Here's my personal belief part. I believe we are all born with the knowledge of good and bad. We know that some things feel good and some feel bad. Through growing, education and experimentation, we learn to control these dynamics. Socialisation teaches us which things fit with the society in which we live, but at the very most basic, most of us can agree that we like "good" things, although we disagree on what those things are, and we reject "bad" things, with the same disagreements.
To a primitive society, good things are mainly determined by needs for survival. As a society evolves, has more of its needs met, then desires become easier to address. Our society has been compared to Rome by some, and perhaps that's fair enough. Tremendous arts, literature, and music have come from societies that have the luxury of producing them, in fact, it's the majority of what we have to determine who they were. We have luxuries, and whether we fall, like Rome, will be largely determined by what we DO. Rome didn't fall passively, they failed to address obvious flaws in their thinking and behavior. A return to the dark ages isn't the answer, we need not model the past to learn from it.
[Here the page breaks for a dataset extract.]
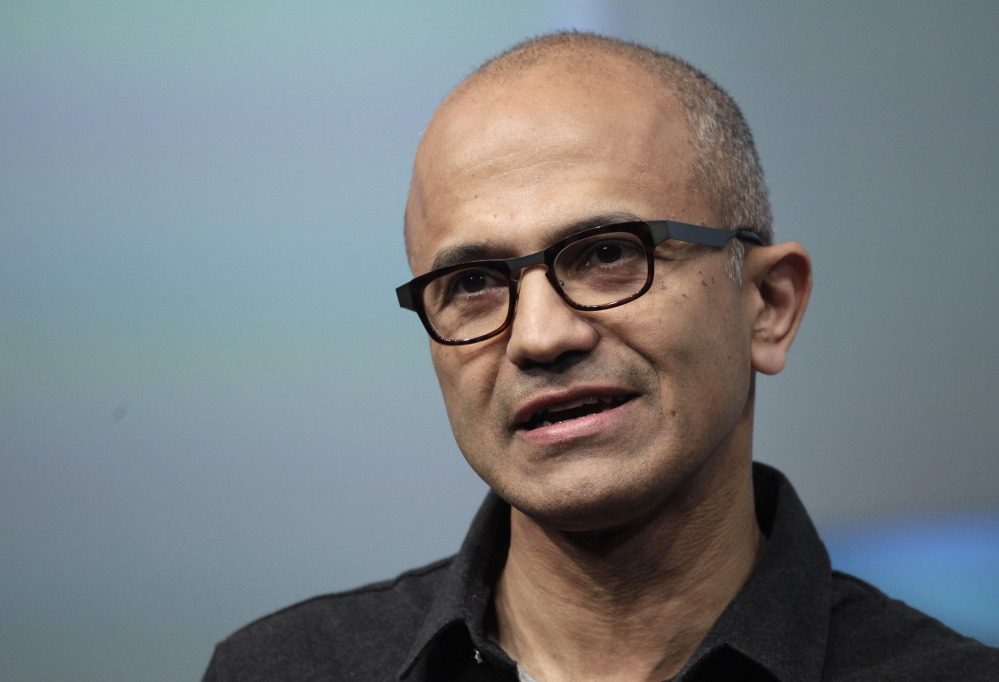 Microsoft CEO Satya Nadella talks during the introduction the Surface Pro 3 tablet device at a media preview in New York in May. Microsoft on Thursday announced it will lay off up to 18,000 workers over the next year.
However, an unknown future, even a potentially good one, is a very scary thing. Most would prefer to bury their heads in fundamentalism, with a God who loves and supports ME regardless of who I am or how I act. Blanket bullshit, pure and simple.
If someone "drops the big one" and we all blow up, I won't give a shit, and perhaps that's no problem in the grand scheme of things. While I am alive, I WILL care, and do the best I can not to make my visit here a disgrace to those who left it for me to find.